On répandit ensuite sur la sépulture une infinité de fleurs et de branchages, et tous les bergers, ayant témoigné à leur ami Ambroise la part qu’ils prenaient à sa douleur, lui dirent successivement adieu. Vivaldo et son compagnon en firent autant, et, de son côté, don Quichotte prit congé de ses hôtes et des voyageurs, lesquels le conviaient à les accompagner à Séville, lieu si fécond en aventures, lui disaient-ils, qu’on en trouve plus au coin de chaque rue qu’en nulle autre ville du monde. Don Quichotte les remercia de leur conseil et de la bonne grâce qu’ils montraient à lui rendre service; mais il ajouta qu’il ne voulait ni ne devait aller à Séville avant qu’il eût purgé toutes ces montagnes des bandits dont elles passaient pour être infestées.
Les voyageurs, le voyant en cette bonne résolution, ne voulurent pas l’importuner davantage. Au contraire, après lui avoir dit une autre fois adieu, ils poursuivirent leur chemin, pendant lequel les sujets d’entretien ne leur manquèrent pas, ayant à converser sur l’histoire de Marcelle et de Chrysostome, et sur les folies de don Quichotte. Celui-ci résolut d’aller à la recherche de la bergère Marcelle, et de s’offrir à son service. Mais les choses n’arrivèrent point comme il l’imaginait, ainsi qu’on le verra dans la suite de cette véridique histoire, dont la seconde partie se termine en cet endroit.
LIVRE TROISIÈME
Chapitre XV
Où l’on raconte la disgracieuse aventure que rencontra don Quichotte en rencontrant quelque Yangois [104] dénaturés
Le sage Cid Hamet Ben-Engeli raconte qu’aussitôt que don Quichotte eut pris congé de ses hôtes et de tous ceux qui s’étaient trouvés à l’enterrement de Chrysostome, il entra, suivi de son écuyer, dans le bois où ils avaient vu disparaître la bergère Marcelle; mais, après avoir erré çà et là pendant deux heures, la cherchant de toutes parts, sans avoir pu la rencontrer, ils arrivèrent à une prairie couverte d’herbe fraîche, au milieu de laquelle coulait un doux et limpide ruisseau.
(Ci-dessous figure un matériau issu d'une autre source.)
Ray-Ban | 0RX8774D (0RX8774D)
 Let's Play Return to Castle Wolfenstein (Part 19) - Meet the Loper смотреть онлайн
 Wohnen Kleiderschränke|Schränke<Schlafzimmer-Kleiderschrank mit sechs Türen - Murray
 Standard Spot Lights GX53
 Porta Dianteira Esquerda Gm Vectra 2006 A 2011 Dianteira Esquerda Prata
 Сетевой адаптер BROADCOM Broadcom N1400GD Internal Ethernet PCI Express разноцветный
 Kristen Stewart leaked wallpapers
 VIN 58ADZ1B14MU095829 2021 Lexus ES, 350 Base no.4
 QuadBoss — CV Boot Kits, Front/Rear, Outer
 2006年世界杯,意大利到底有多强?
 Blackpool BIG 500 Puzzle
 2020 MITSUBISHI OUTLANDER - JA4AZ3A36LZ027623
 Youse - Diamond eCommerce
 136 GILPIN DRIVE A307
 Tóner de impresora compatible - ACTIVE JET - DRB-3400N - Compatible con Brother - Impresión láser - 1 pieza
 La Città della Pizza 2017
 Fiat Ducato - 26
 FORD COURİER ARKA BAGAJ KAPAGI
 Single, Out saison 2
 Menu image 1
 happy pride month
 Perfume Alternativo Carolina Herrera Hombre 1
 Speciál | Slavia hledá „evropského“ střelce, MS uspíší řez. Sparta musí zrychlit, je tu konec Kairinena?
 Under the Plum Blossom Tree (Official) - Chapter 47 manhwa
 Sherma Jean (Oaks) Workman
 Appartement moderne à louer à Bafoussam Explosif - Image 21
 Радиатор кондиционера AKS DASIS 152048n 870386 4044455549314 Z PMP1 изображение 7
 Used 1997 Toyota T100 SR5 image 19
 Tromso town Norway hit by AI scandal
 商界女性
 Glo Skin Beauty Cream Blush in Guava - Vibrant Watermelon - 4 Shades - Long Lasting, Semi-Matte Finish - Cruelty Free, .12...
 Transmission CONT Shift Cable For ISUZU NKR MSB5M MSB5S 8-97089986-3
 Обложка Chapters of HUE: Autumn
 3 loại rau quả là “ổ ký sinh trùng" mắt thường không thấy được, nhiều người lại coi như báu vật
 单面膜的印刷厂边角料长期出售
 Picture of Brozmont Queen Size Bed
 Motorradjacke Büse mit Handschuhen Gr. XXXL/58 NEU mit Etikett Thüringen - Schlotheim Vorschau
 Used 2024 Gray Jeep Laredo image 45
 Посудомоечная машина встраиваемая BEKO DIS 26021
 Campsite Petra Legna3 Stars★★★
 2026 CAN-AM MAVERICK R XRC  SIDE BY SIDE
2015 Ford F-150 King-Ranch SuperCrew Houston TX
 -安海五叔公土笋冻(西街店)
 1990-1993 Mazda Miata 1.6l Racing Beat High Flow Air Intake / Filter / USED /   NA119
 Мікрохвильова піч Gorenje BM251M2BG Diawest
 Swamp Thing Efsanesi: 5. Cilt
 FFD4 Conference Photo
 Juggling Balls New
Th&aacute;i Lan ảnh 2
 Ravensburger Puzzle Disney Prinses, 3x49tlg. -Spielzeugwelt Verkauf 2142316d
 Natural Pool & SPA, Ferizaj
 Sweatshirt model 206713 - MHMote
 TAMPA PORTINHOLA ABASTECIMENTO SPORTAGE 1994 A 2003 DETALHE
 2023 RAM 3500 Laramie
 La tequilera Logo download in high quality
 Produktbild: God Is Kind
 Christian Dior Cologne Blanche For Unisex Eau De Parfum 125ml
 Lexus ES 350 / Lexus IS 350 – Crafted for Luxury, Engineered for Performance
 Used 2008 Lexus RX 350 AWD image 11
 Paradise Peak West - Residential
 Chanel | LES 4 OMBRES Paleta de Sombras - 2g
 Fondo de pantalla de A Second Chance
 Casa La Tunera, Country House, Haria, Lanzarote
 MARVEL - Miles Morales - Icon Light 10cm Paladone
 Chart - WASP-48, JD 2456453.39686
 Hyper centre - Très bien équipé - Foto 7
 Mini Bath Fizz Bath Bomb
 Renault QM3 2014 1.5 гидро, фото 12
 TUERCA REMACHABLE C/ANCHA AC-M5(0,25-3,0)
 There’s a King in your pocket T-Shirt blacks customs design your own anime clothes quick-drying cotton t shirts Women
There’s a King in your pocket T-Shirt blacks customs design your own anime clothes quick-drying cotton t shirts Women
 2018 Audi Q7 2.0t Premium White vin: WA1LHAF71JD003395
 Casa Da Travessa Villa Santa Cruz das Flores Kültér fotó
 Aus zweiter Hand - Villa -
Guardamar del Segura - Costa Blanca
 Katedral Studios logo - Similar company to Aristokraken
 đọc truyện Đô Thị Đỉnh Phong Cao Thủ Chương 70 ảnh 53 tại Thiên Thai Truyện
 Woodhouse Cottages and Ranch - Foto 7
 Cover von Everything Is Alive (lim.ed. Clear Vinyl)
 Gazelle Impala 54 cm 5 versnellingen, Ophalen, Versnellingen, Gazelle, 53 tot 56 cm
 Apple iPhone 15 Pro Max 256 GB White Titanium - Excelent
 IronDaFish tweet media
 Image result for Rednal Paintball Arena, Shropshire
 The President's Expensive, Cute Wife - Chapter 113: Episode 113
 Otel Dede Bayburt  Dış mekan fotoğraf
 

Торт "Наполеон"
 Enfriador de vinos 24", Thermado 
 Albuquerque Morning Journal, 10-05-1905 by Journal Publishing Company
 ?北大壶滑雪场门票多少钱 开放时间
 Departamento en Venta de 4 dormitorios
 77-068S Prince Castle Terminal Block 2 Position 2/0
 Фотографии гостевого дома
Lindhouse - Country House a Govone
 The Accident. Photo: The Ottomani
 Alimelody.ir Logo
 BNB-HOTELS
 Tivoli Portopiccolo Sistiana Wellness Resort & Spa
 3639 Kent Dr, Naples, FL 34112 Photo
Conviés par la beauté du lieu, ils résolurent d’y passer les heures de la sieste; car l’ardeur de midi commençait à se faire rudement sentir.
Don Quichotte et Sancho mirent pied à terre, et, laissant l’âne et Rossinante paître tout à leur aise l’herbe abondante que le pré leur offrait, ils donnèrent l’assaut au bissac, et, sans cérémonie, en paix et en bonne société, maître et valet se mirent à manger ensemble ce qu’ils y trouvèrent.
Sancho n’avait pas songé à mettre des entraves à Rossinante; car il le connaissait pour si bonne personne et si peu enclin au péché de la chair, que toutes les juments des herbages de Cordoue ne lui auraient pas donné la moindre tentation. Mais le sort ordonna, et le diable aussi, qui ne dort pas toujours, que justement dans ce vallon se trouvassent à paître un troupeau de juments galiciennes que menaient des muletiers yangois, lesquels ont coutume de faire la sieste avec leurs bêtes dans les endroits où se trouvent l’herbe et l’eau. Celui où s’était arrêté don Quichotte était donc fort à leur convenance. Or, il arriva que Rossinante sentit tout à coup le désir d’aller folâtrer avec mesdames les juments, et sortant, dès qu’il les eut flairées, de ses habitudes et de ses allures naturelles, sans demander permission à son maître, il prit un petit trot coquet, et s’en alla leur communiquer son amoureuse envie. Mais les juments, qui avaient sans doute plus besoin de paître que d’autre chose, le reçurent à coups de pieds et à coups de dents, si bien qu’en un moment elles rompirent les sangles de la selle, et le laissèrent tout nu sur le pré. Mais une autre disgrâce l’attendait, plus cuisante encore: les muletiers, voyant qu’il voulait faire violence à leurs juments, recoururent aux pieux qui servaient à les attacher, et lui assenèrent une telle bastonnade, qu’ils l’eurent bientôt jeté les quatre fers en l’air.